Records from a dataset:
BEGIN
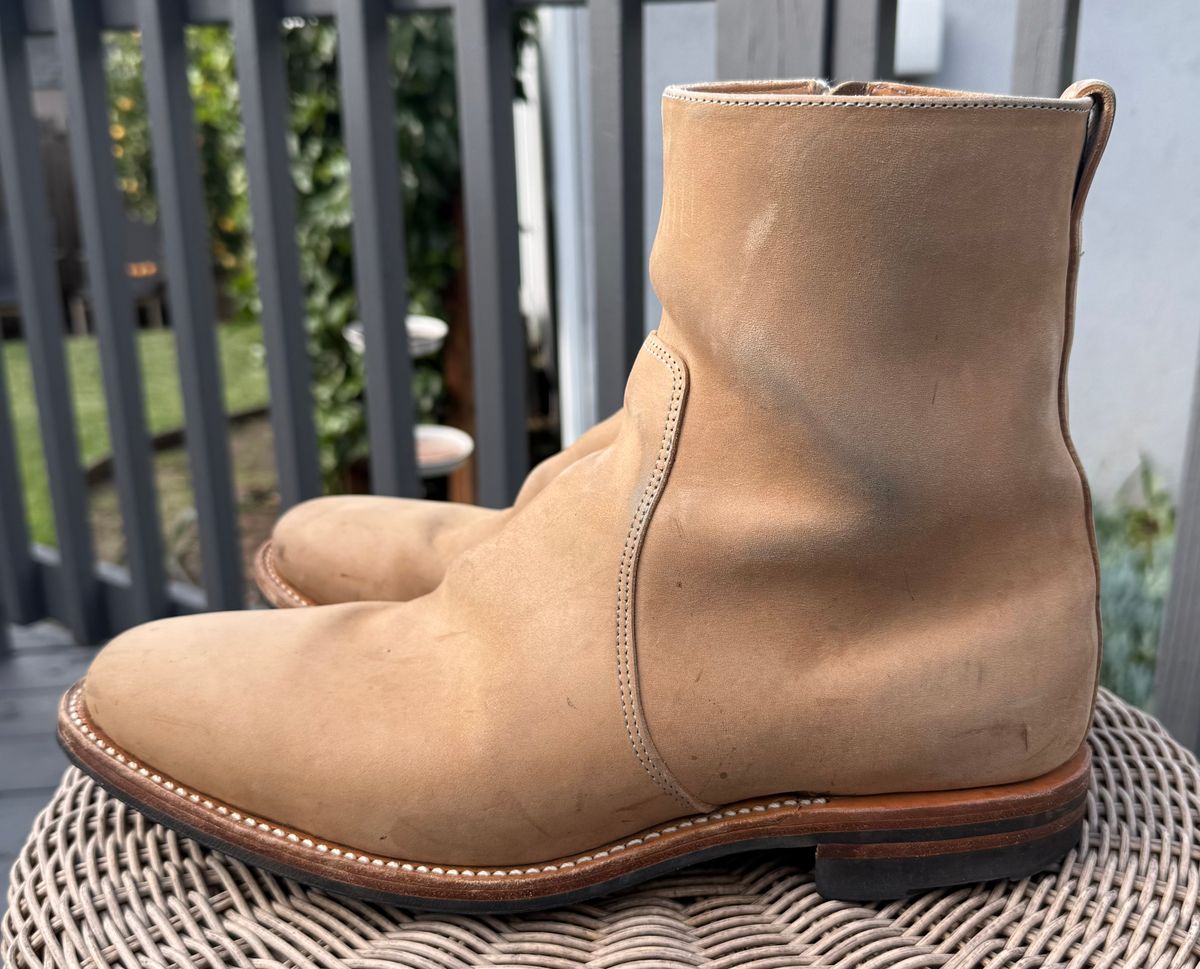 Photo by zeroremain on January 1, 2026 of the Viberg Side Zip in Maryam Light Grey Horsebutt.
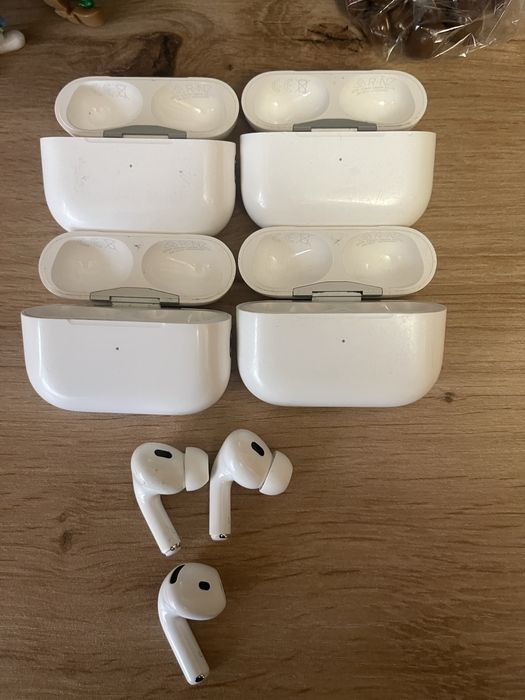 Carcasa Airpods pro2, pro1, Airpods4, Casca stanga, dreapta, airpods 4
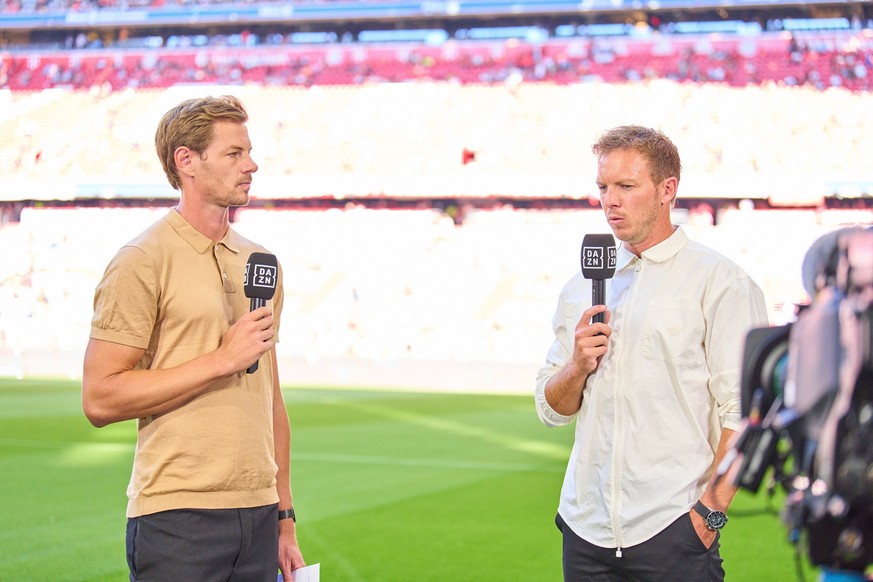 Alex Schlüter, DAZN TV presenter, Trainer Julian Nagelsmann FCB, team manager, headcoach, coach, in the match FC BAYERN MÜNCHEN - VFL WOLFSBURG 2-0 1.German Football League on Aug 14, 2022 in Munich,  ...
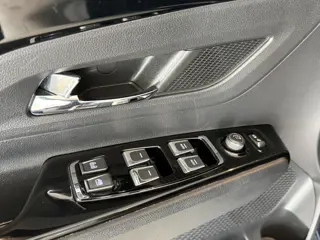 Foto 12 van SsangYong Korando 1.5 T-GDI Bj: 2021 / Automaat / Camera / Navi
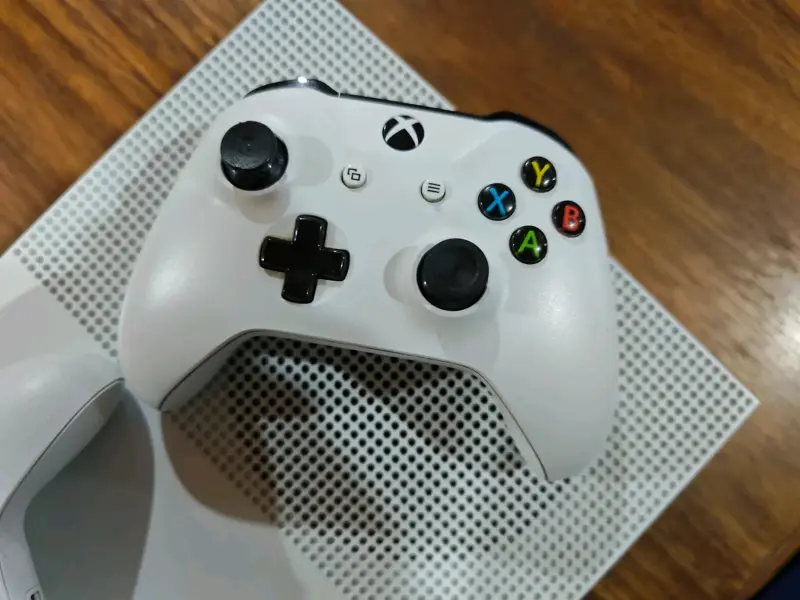 Consola Xbox One S con dos controles y juego F1 2018 - 2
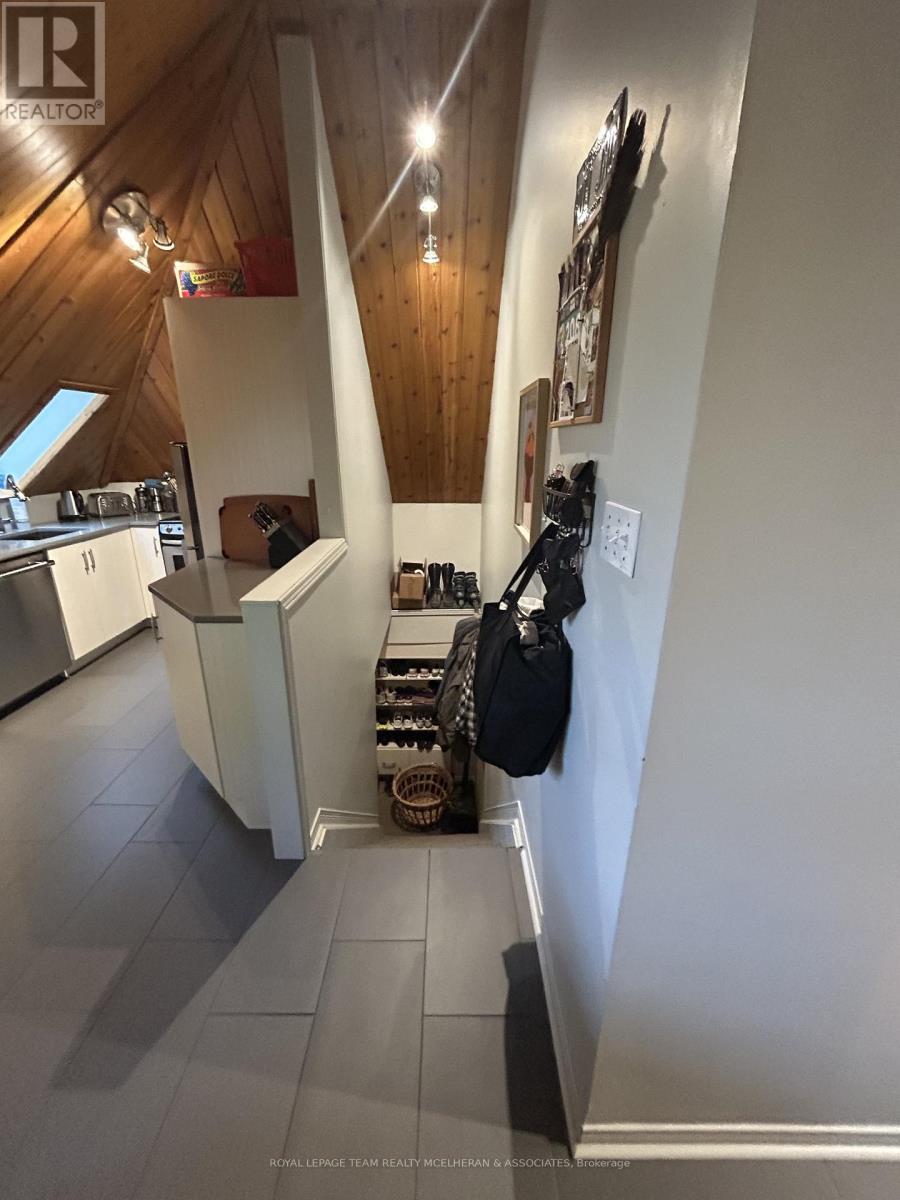 2 - 92 Queen Elizabeth Drive, Ottawa, ON - Indoor Photo Showing Other Room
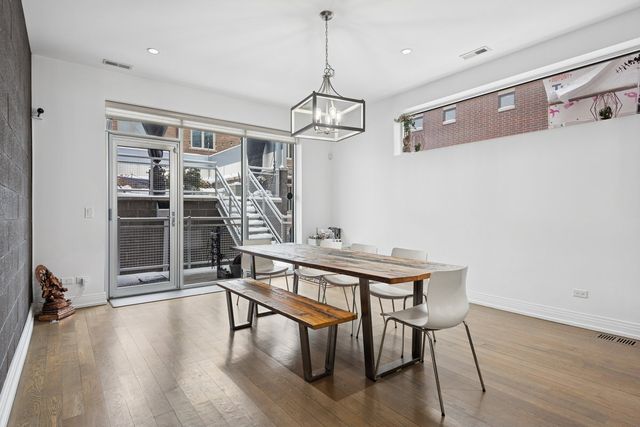 1437 W Diversey Parkway 1W, Chicago, IL 60614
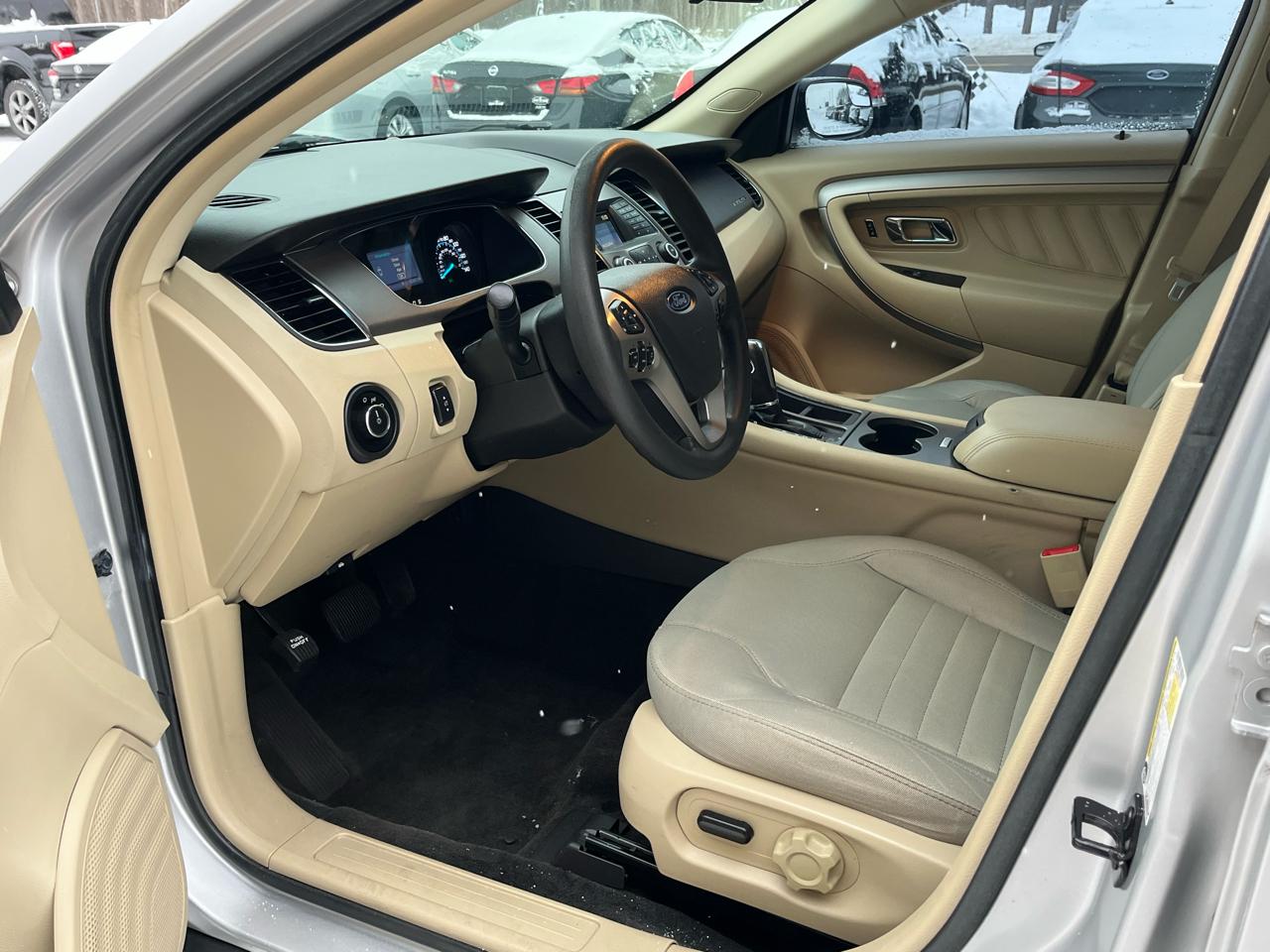 Ford Taurus SE FWD 2017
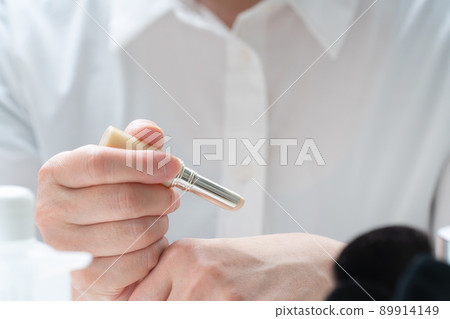 Women's foundation to make up 89914149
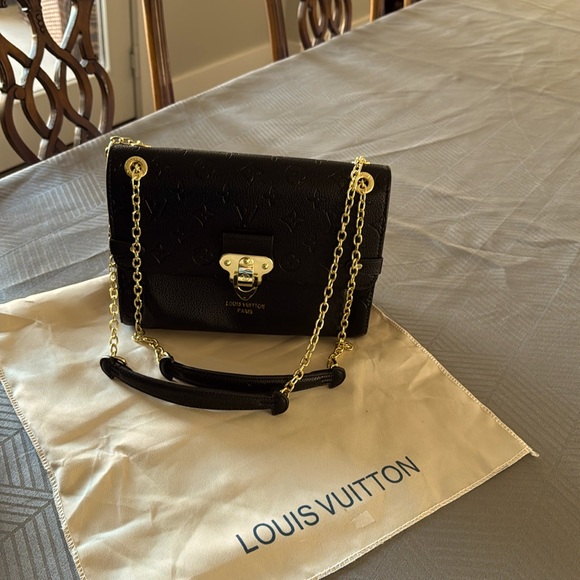 Beautiful designer, high-quality handbag labeled Louis Vuitton - Picture 1 of 11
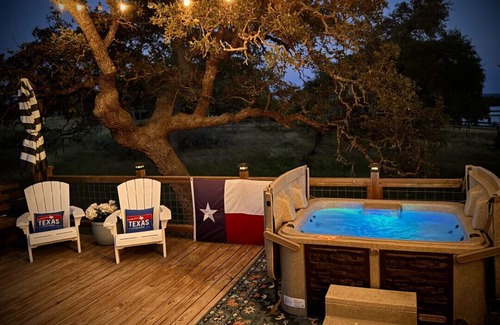 Fredericksburg House | The Bluebonnet at Grape Creek Country Cottages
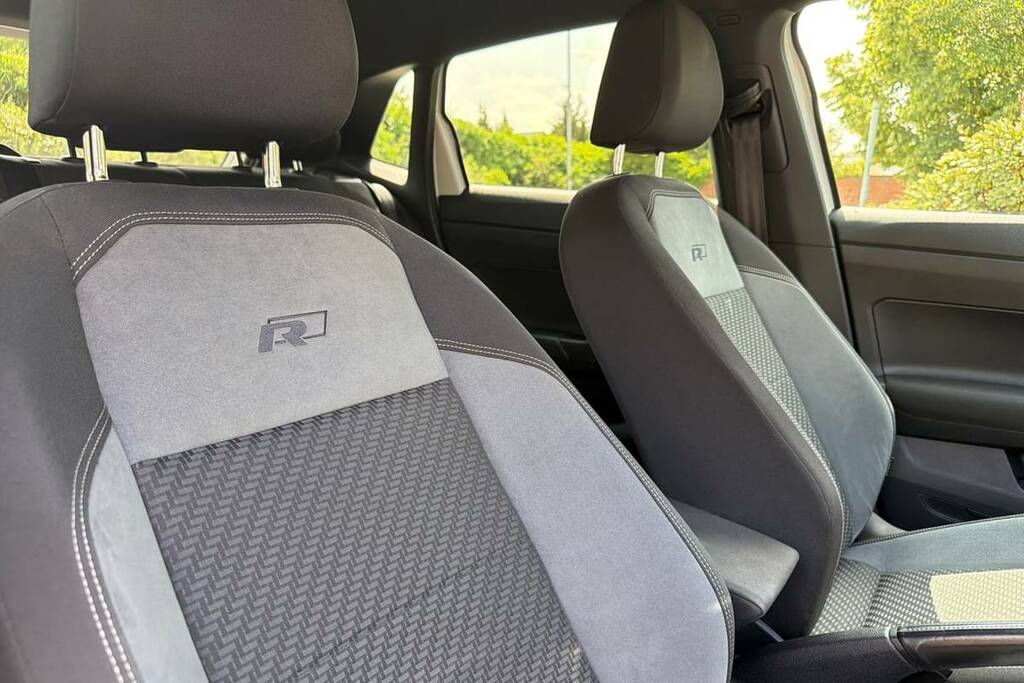 Volkswagen Polo Hatchback White #13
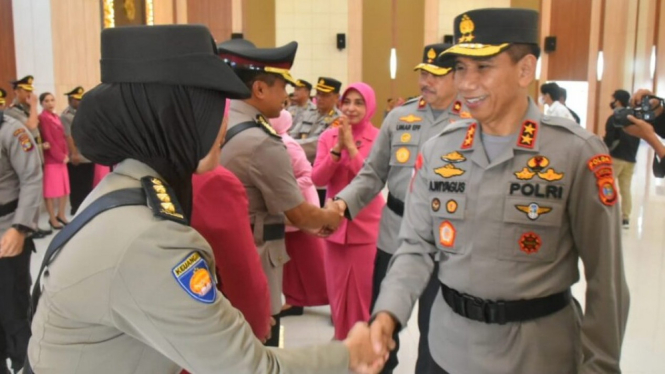 Kapolda Lampung bersalaman dengan sejumlah pejabat yang hadir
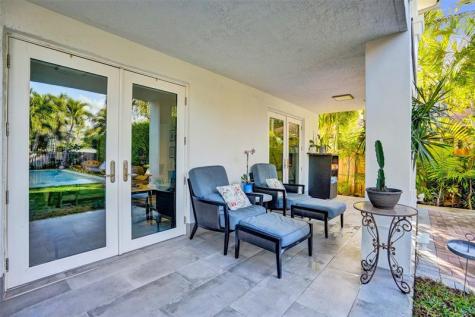 1050 NE 33rd Street Oakland Park FL 33334
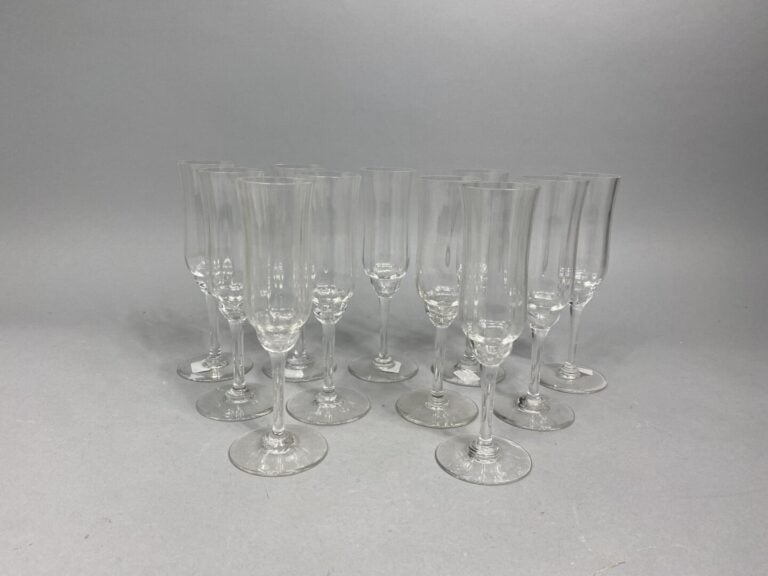 BACCARAT - Suite de 11 flûtes à champagne en cristal, modèle Capri - Marque au…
END
Problem details → With the images left out, output all the entries above exactly.

Exercise output →
 Photo by zeroremain on January 1, 2026 of the Viberg Side Zip in Maryam Light Grey Horsebutt.
 Carcasa Airpods pro2, pro1, Airpods4, Casca stanga, dreapta, airpods 4
 Alex Schlüter, DAZN TV presenter, Trainer Julian Nagelsmann FCB, team manager, headcoach, coach, in the match FC BAYERN MÜNCHEN - VFL WOLFSBURG 2-0 1.German Football League on Aug 14, 2022 in Munich,  ...
 Foto 12 van SsangYong Korando 1.5 T-GDI Bj: 2021 / Automaat / Camera / Navi
 Consola Xbox One S con dos controles y juego F1 2018 - 2
 2 - 92 Queen Elizabeth Drive, Ottawa, ON - Indoor Photo Showing Other Room
 1437 W Diversey Parkway 1W, Chicago, IL 60614
 Ford Taurus SE FWD 2017
 Women's foundation to make up 89914149
 Beautiful designer, high-quality handbag labeled Louis Vuitton - Picture 1 of 11
 Fredericksburg House | The Bluebonnet at Grape Creek Country Cottages
 Volkswagen Polo Hatchback White #13
 Kapolda Lampung bersalaman dengan sejumlah pejabat yang hadir
 1050 NE 33rd Street Oakland Park FL 33334
 BACCARAT - Suite de 11 flûtes à champagne en cristal, modèle Capri - Marque au…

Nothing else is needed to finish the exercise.